Instructions to follow » In the data below, set down exactly the lines from the one containing "個人向け国債の発行額推移" up to and including the one containing "งวด 16/11/62 ลุ้นได้ที่ไทยรัฐทีวี-ไทยรัฐออนไลน์". Leave the pictures out.

Data supplied »
○ ○ ○

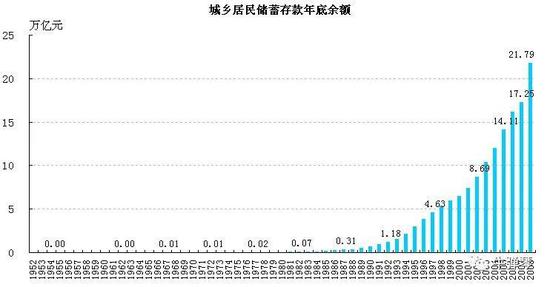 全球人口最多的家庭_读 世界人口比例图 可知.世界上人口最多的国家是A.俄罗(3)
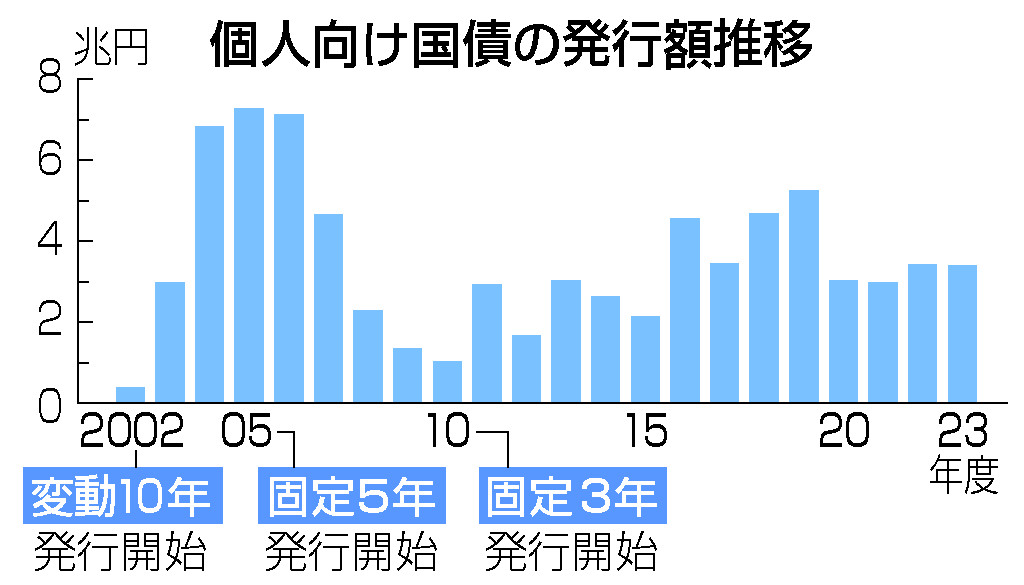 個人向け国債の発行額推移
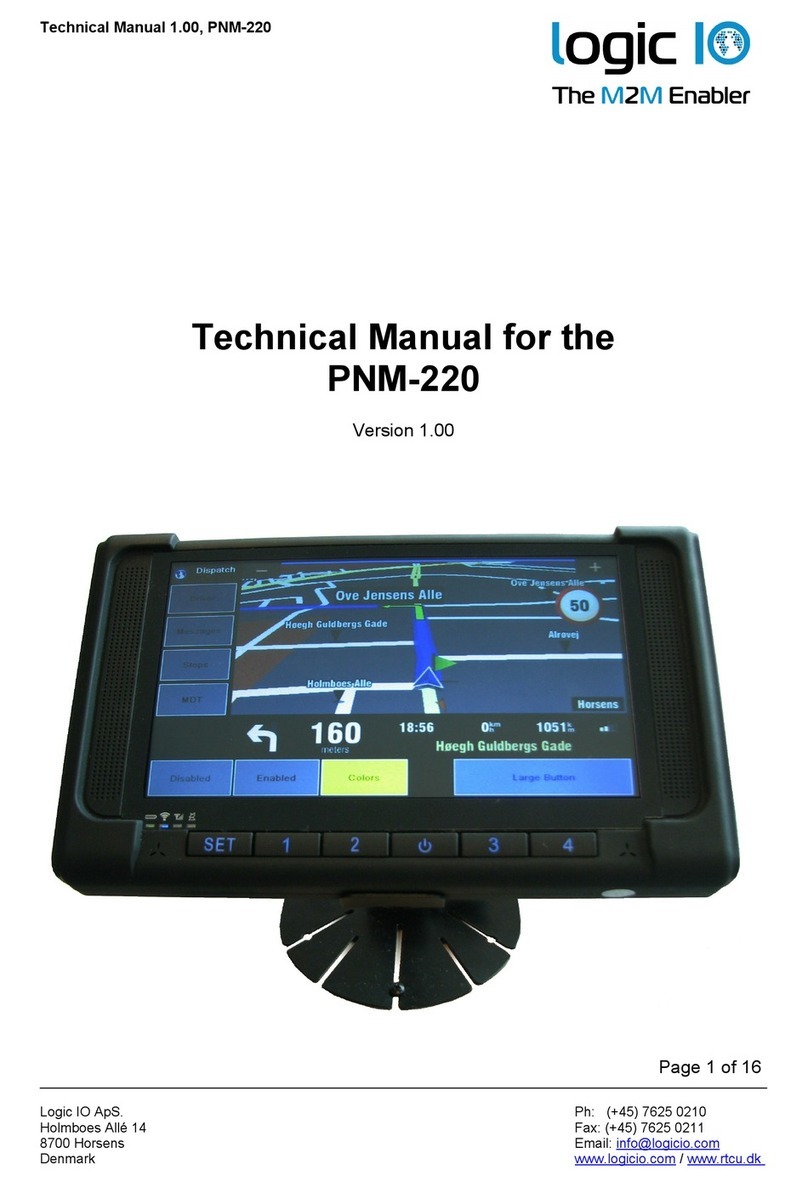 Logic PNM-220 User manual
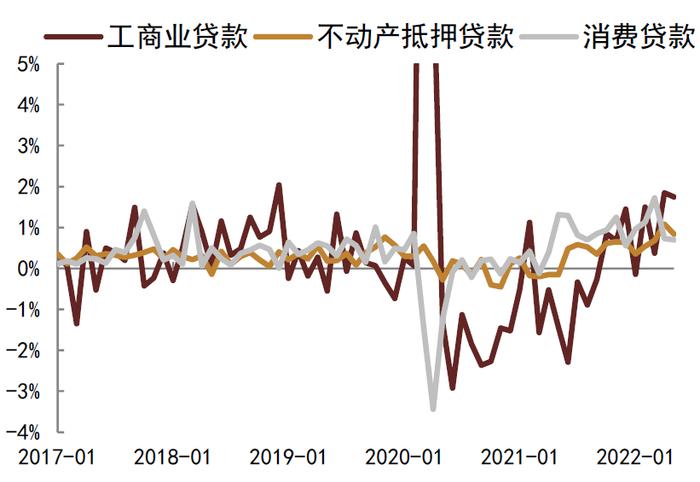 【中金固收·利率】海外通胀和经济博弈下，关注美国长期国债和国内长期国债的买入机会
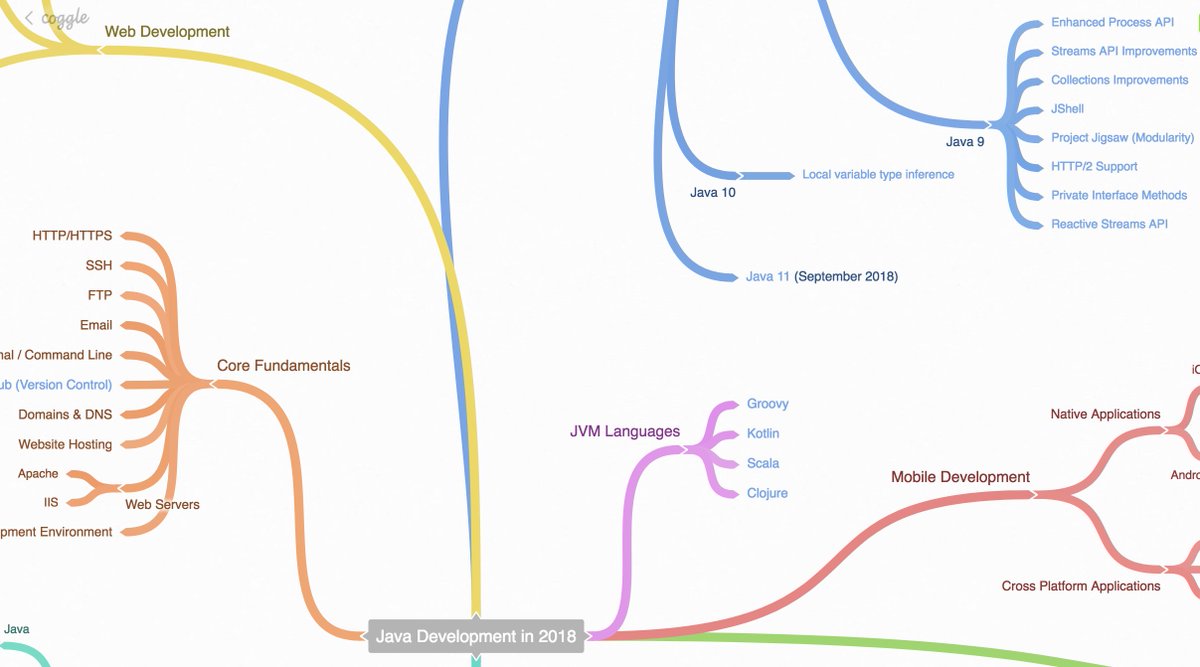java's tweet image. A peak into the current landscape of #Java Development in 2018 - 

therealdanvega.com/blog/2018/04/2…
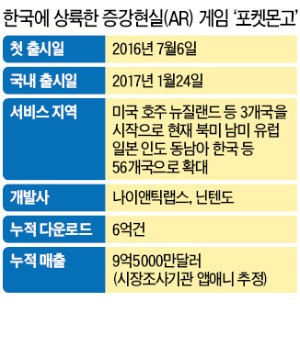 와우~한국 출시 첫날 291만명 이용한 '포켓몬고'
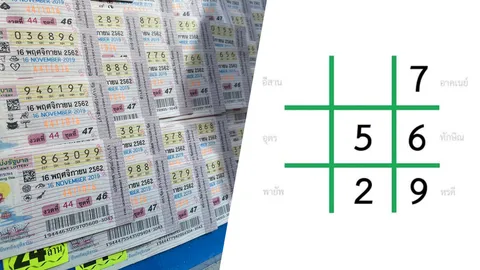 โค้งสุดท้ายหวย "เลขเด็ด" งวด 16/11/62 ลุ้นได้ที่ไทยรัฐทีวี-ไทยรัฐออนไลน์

○ ○ ○

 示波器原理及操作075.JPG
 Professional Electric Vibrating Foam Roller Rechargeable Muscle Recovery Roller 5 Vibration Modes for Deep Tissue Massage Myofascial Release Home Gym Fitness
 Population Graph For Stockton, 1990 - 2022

○ ○ ○

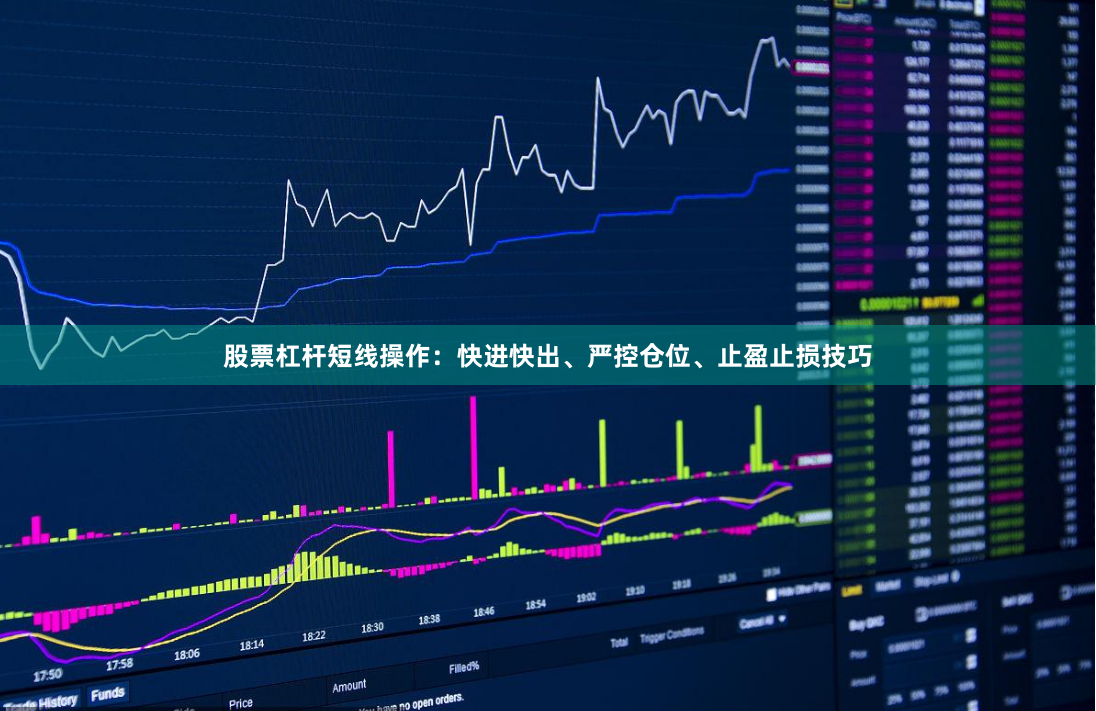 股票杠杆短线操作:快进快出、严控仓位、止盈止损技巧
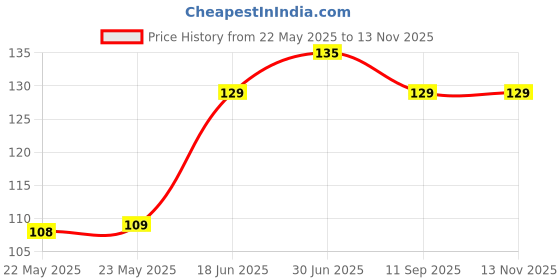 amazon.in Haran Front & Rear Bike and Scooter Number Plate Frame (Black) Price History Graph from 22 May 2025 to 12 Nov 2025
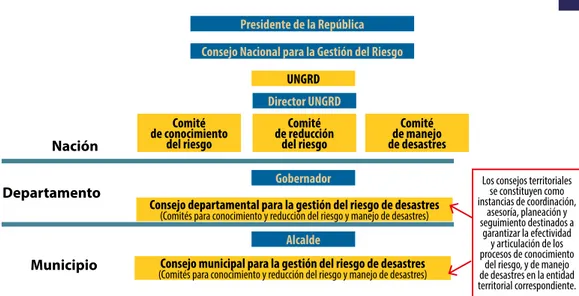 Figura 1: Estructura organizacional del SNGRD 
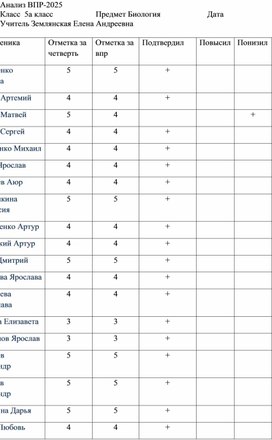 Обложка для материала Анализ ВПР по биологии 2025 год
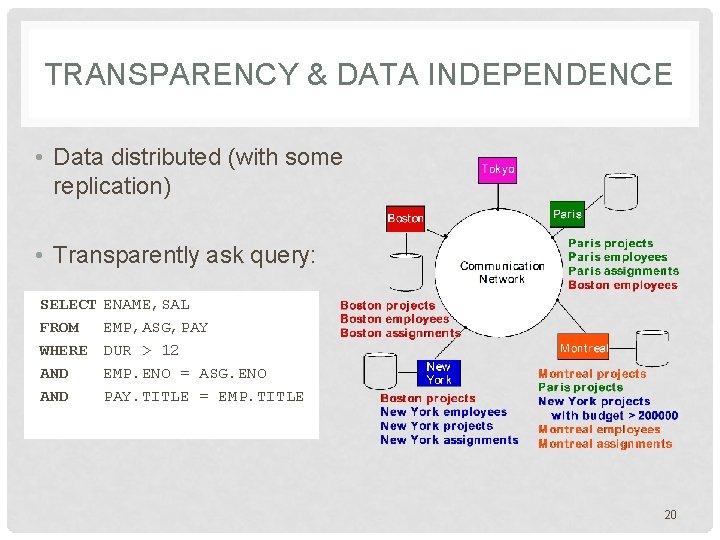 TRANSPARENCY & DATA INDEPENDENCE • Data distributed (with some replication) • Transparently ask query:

○ ○ ○

Written solution »
 個人向け国債の発行額推移
 Logic PNM-220 User manual
 【中金固收·利率】海外通胀和经济博弈下，关注美国长期国债和国内长期国债的买入机会
java's tweet image. A peak into the current landscape of #Java Development in 2018 - 

therealdanvega.com/blog/2018/04/2…
 와우~한국 출시 첫날 291만명 이용한 '포켓몬고'
 โค้งสุดท้ายหวย "เลขเด็ด" งวด 16/11/62 ลุ้นได้ที่ไทยรัฐทีวี-ไทยรัฐออนไลน์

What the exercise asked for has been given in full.